Etre à l’heure, c’est mieux mais…
J’ai une devise de merde “être à l’heure, c’est déjà être en retard”. Il va falloir se calmer, madame. Oui, personne n’aime attendre. Oui, être en retard peut faire rater un train. Et oui, je déteste arriver en PLS et parfois en sueur à un rendez-vous parce que je suis en retard. Etre en avance me permet de me mettre bien. Typiquement pour un entretien où je dois en rendre en physique, ça évite que j’arrive un peu défaite. On n’a pas deux fois l’occasion de faire une première bonne impression. Mais à l’inverse, je sais que j’excuse le retard. Tant qu’il n’est pas abusé, j’entends. Je me souviens avoir planté un pote qui avait plus de 30 minutes de retard. “Si, si, j’arrive.” “Bah moi, je repars, bye”. Mais c’était un coutumier. A l’inverse, jeudi, j’avais rendez-vous avec Anaïs que j’ai dû attendre un peu. Mais parce qu’elle devait attendre le retour de son mari pour partir. Et puis il ne pleuvait pas, il faisait même doux. J’ai attendu en avançant dans mon livre et l’attendre ne m’a littéralement rien coûté. Le retard arrive, même quand on est de bonne volonté. Parce que les impondérables : Anaïs devait attendre son mari qui, lui-même, était retardé par le trafic. Nous avons raté notre train initial pour la Dordogne parce que quelqu’un a oublié son sac dans le tram.
Du stress pour rien
Moralité ? Cette histoire de retard, c’est comme trop de choses dans ma vie : je me stresse pour rien. Je me rends presque malade pour des trucs où personne n’y fera vraiment attention. Je veux dire je serais allée tranquillement aux toilettes faire mes petites affaires, j’aurais sans doute fait attention à mon téléphone. Au pire, je serais arrivée deux minutes plus tard que pile à l’heure. La docteure m’aurait pris deux minutes plus tard, la consultation aurait fini deux minutes plus tard. Le monde se serait-il écroulé ? Non. Mon téléphone aurait-il été sauvé ? Peut-être.
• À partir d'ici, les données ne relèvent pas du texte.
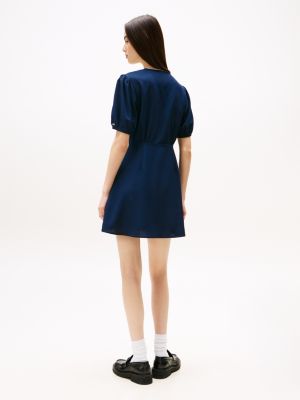 vestito corto in crêpe blu da donne tommy jeans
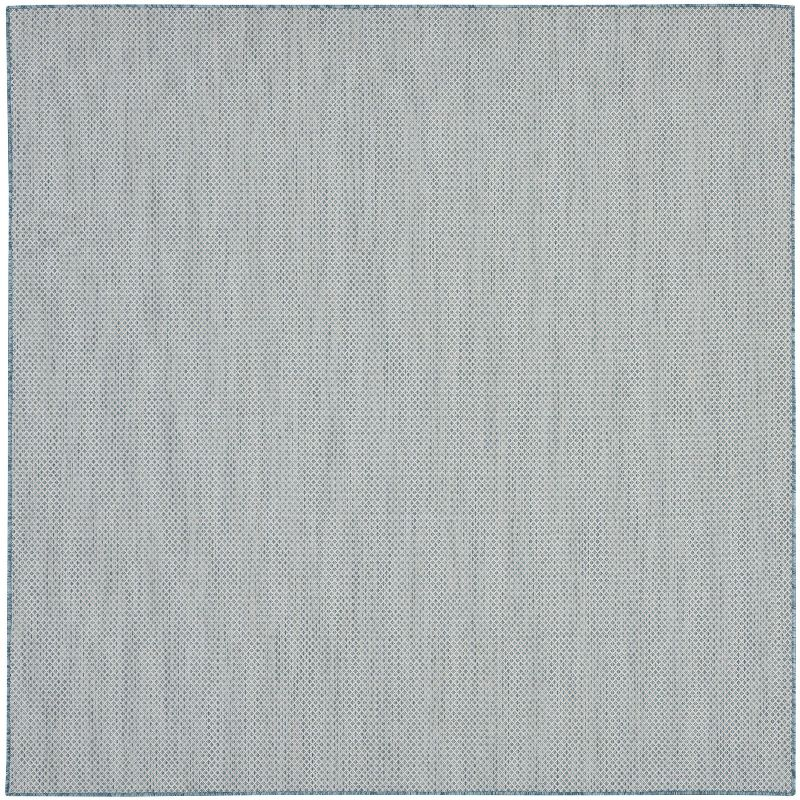 Nourison 6' x 6' Courtyard Modern Easy Care Flatweave Indoor Outdoor Square Rug Ivory/Aqua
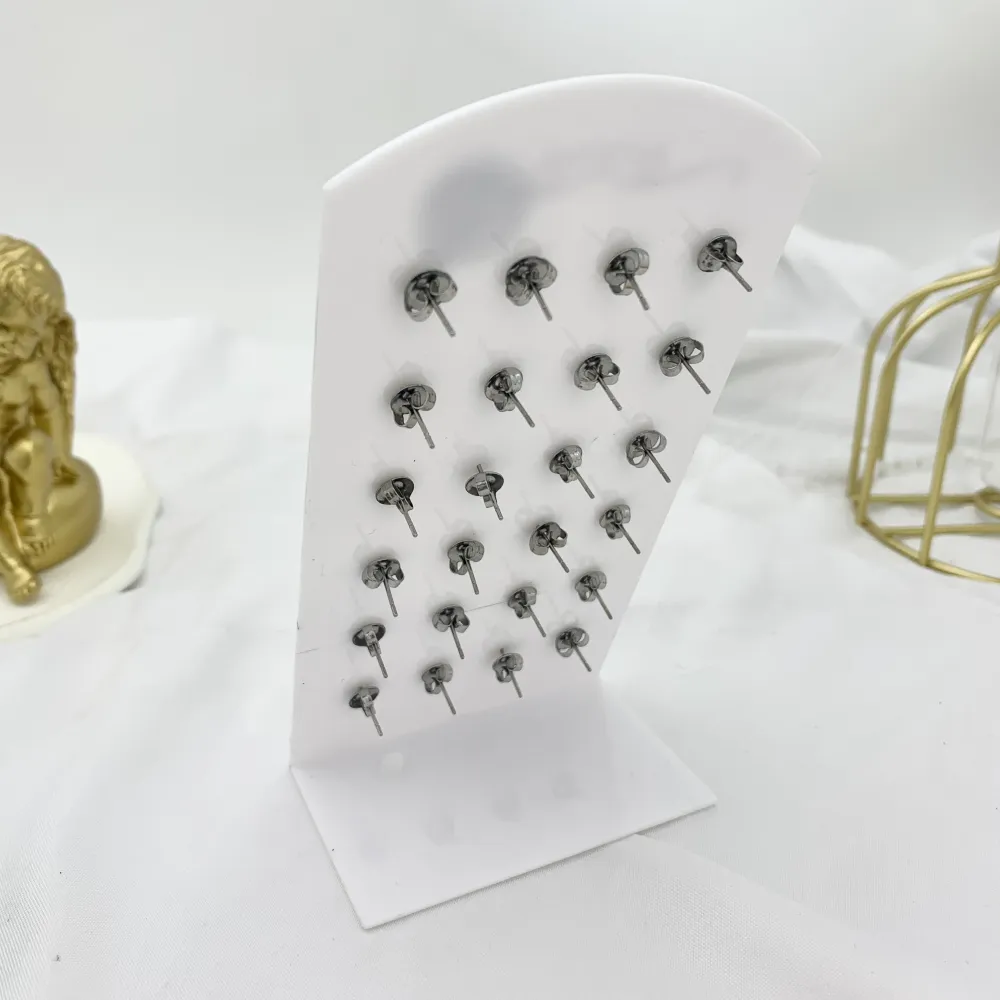 Triangolo  Smaltato-12Paia Orecchini a Lobo in Acciaio - OPA-103-AA1601E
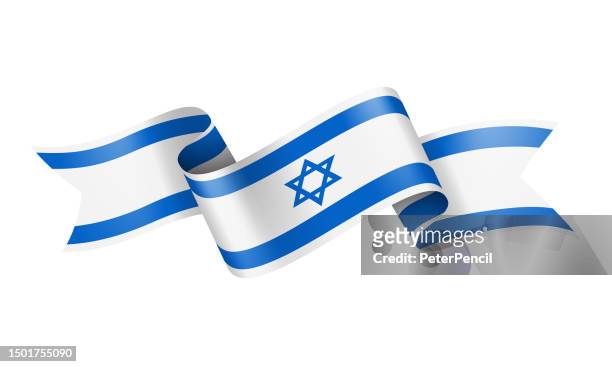 israel flag ribbon - vector stock illustration - israel flag stock illustrations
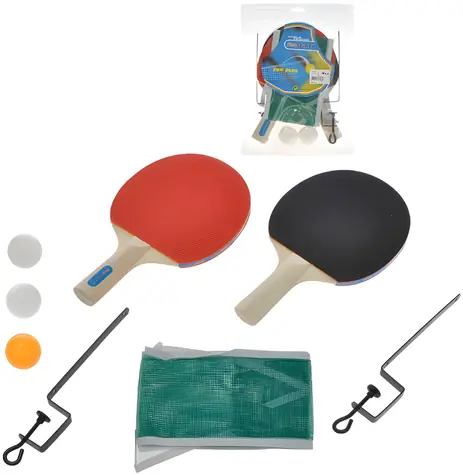 Sada na stolní tenis / 2 pálky 25 cm + síťka + 3 míčky / od 3 let
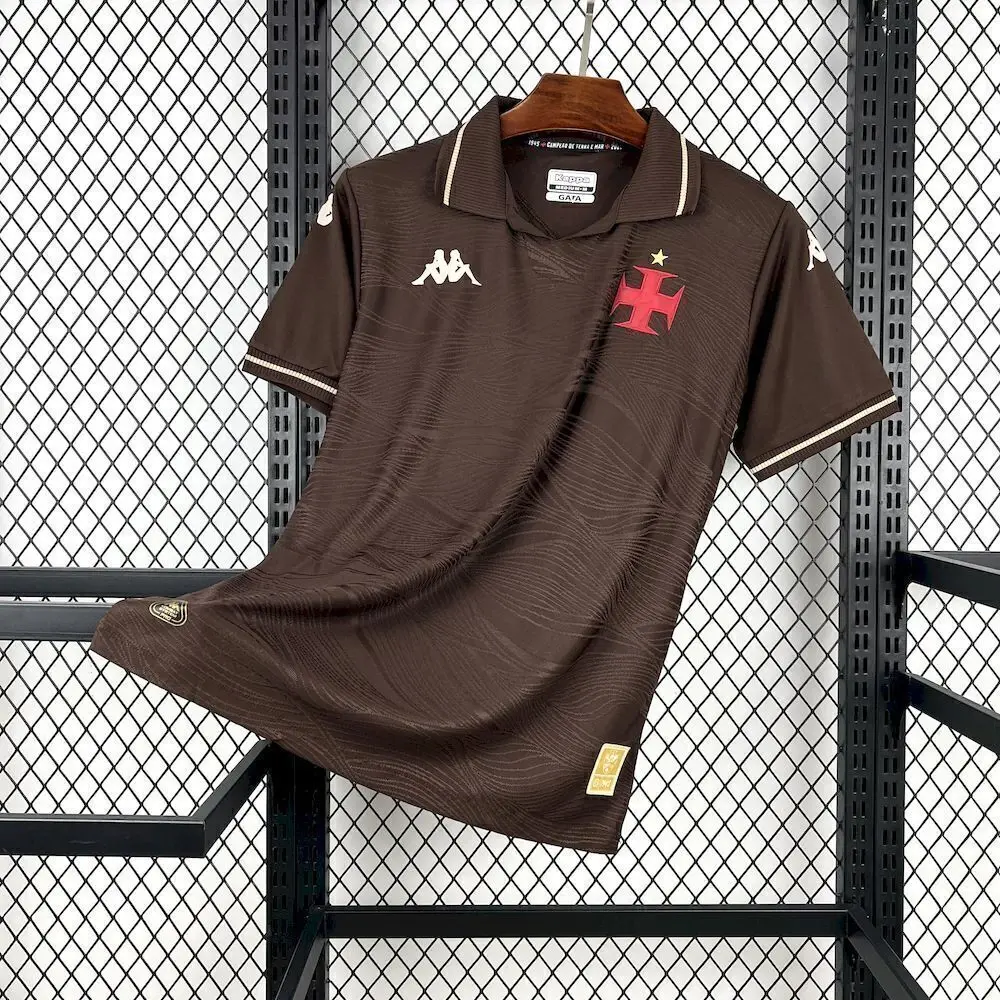Camisa Home Vasco da Gama III - 25/26 Kappa Torcedor Masculina Marrom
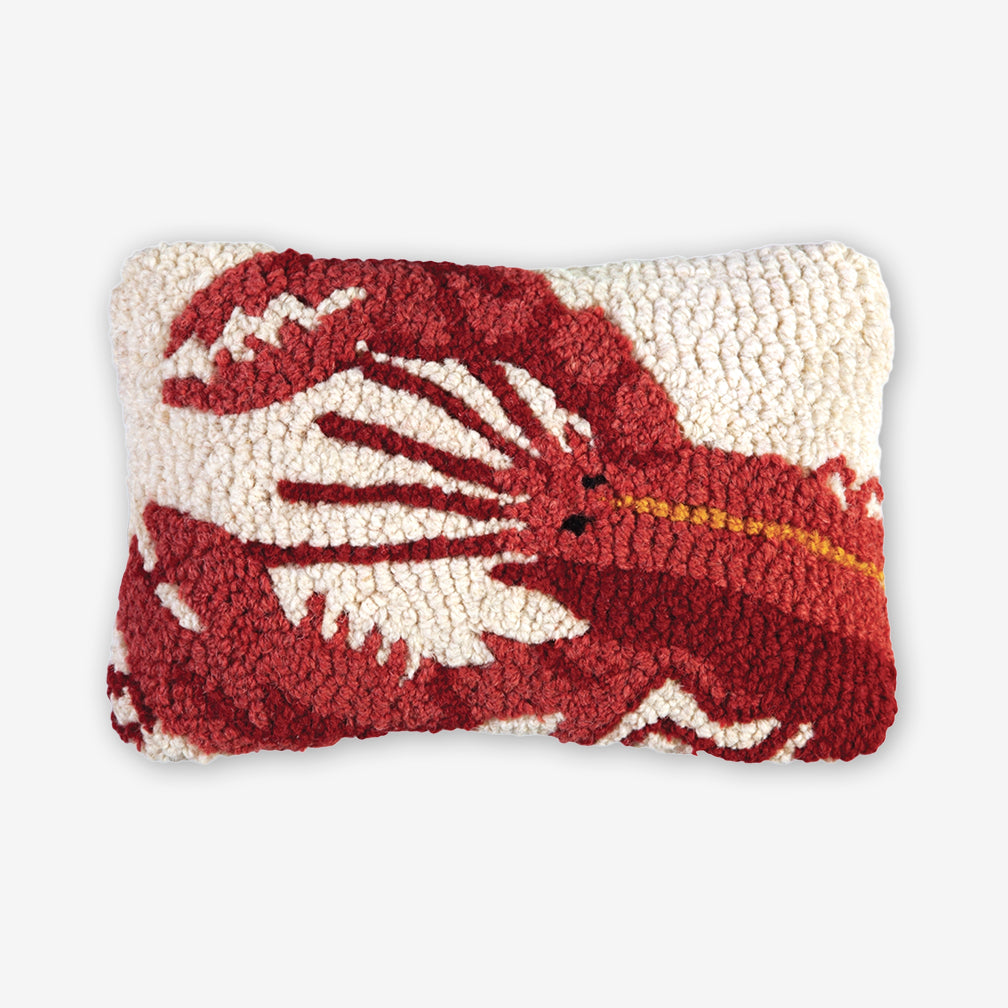 Chandler 4 Corners: Hand-Hooked Wool Pillow: 12x8 Inch Red Lobster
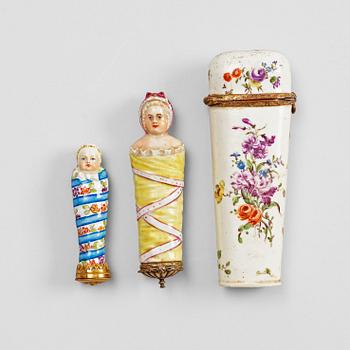 395. Three porcelain necessaires, 18th Century and one 19th Century.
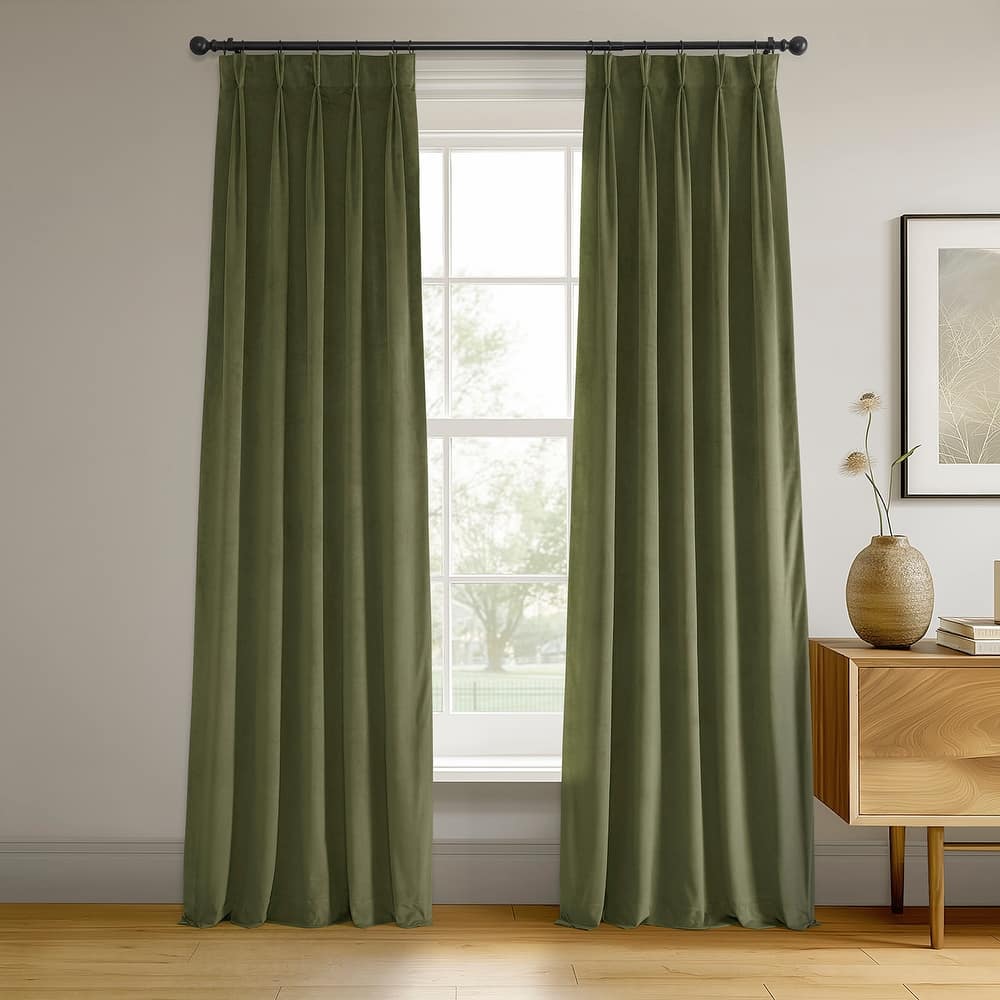 Exclusive Fabrics Signature Pleated Blackout Velvet Curtain (1 Panel)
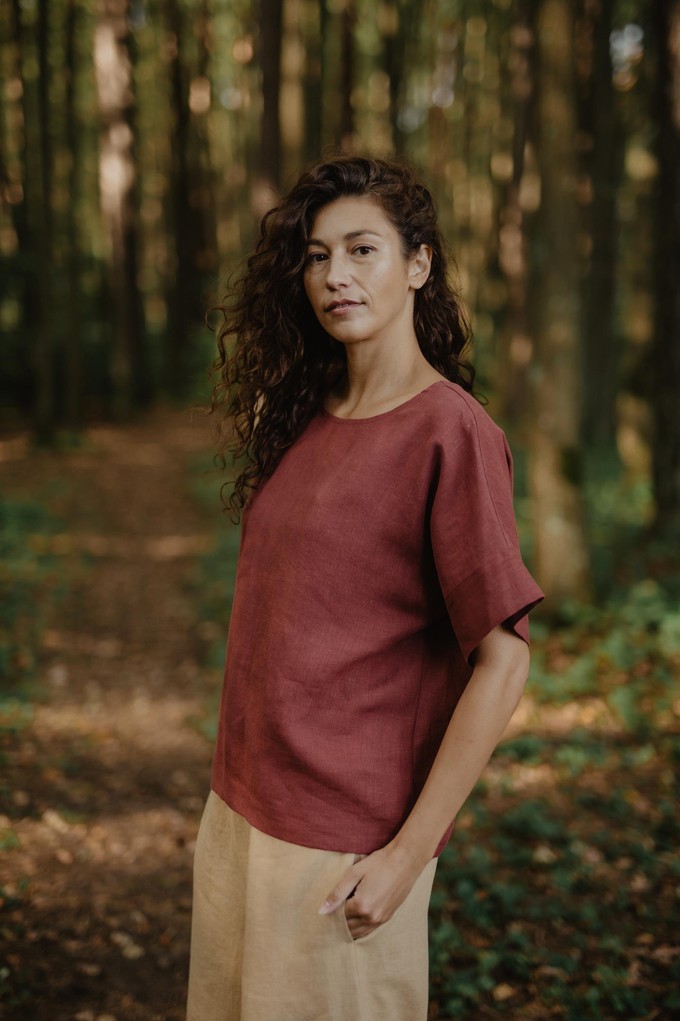 Porto oversized linen top in Terracotta from AmourLinen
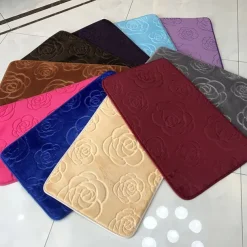 1pc Bath Rugs, Rose Flower Patterned Bathroom Bath Mat Flannel Non-slip Carpet Bathtub Floor Rug Shower Room Doormat Memory Foam Mat Washable Carpet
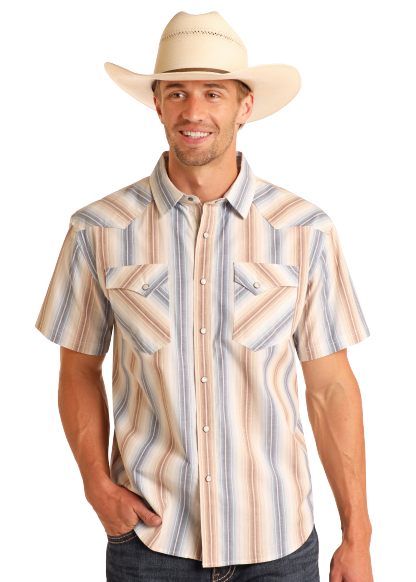 Modern Vintage Striped Short Sleeve Snap Shirt-MesaThread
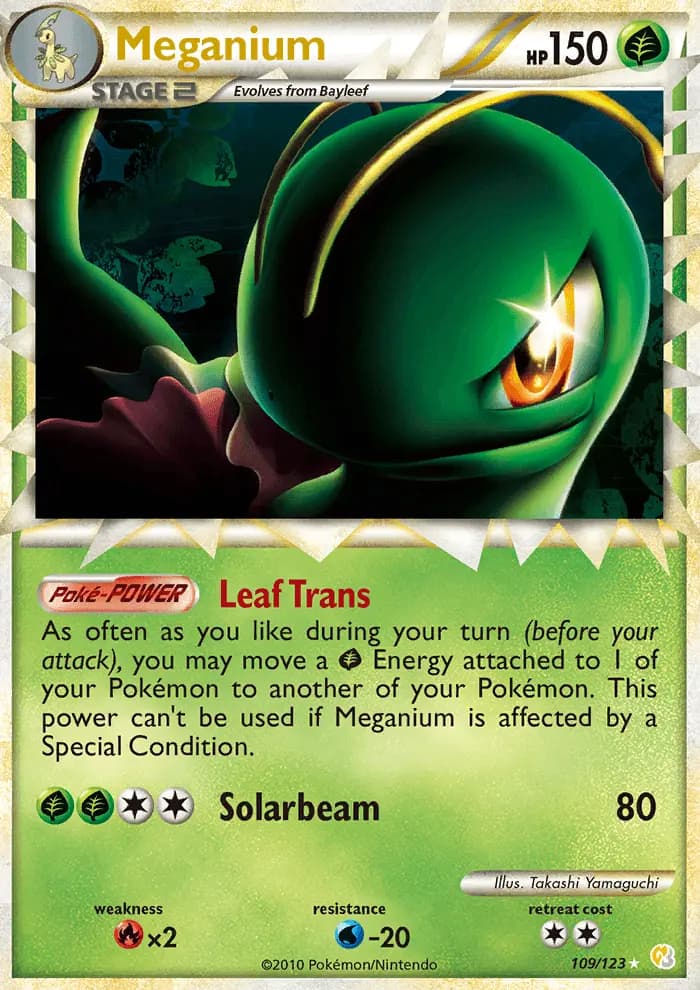 Meganium — HeartGold SoulSilver card #109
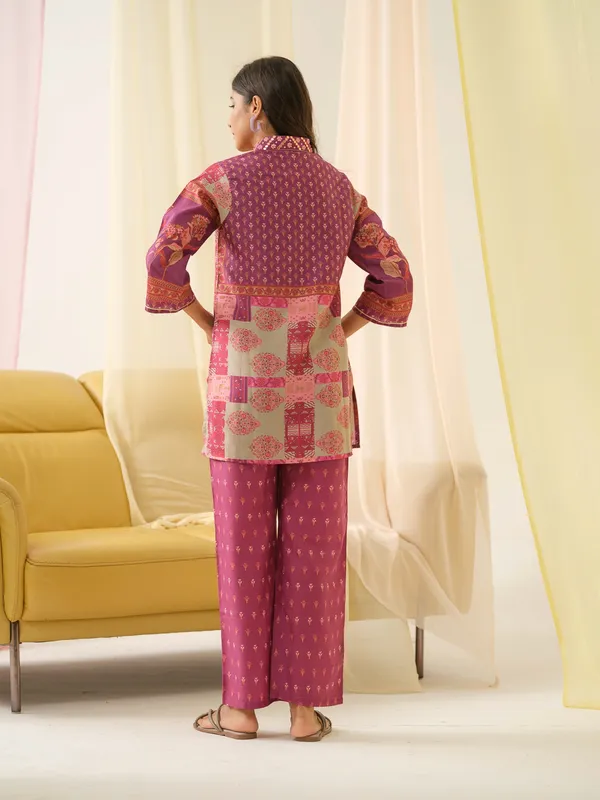 Magenta_Shirt_Collar_Printed_Shirt_Palazzos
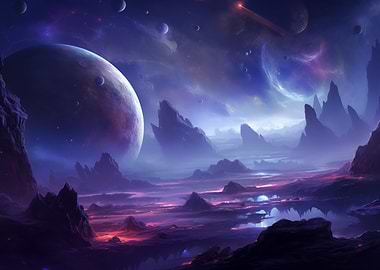 Violet blue galaxy planet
Mais surtout, je me serais évité une giclée de stress dont je n’ai déjà pas besoin au quotidien. Parce que cette histoire de téléphone est pénible mais anecdotique. Le vrai poison, c’est le stress que je me génère pour rien. Comme quand j’envoie un sms à ma cheffe pour lui dire que je serai en retard et que j’arrive à la même heure que d’habitude parce que finalement, non.
Je me génère mon propre stress
Alors oui, la vie est stressante pour mille et une raisons. Mais force est de constater qu’une part de mon stress quotidien, je me le génère toute seule. Oui, c’est sûr que c’est plus confortable d’être à l’heure, voire en avance. Mais le temps n’est pas non plus élastique et on ne peut pas toujours prendre cette marge de sécurité en plus. Tant que ce n’est pas une habitude, ce n’est pas si grave. On me pardonnera quelques minutes d’attente.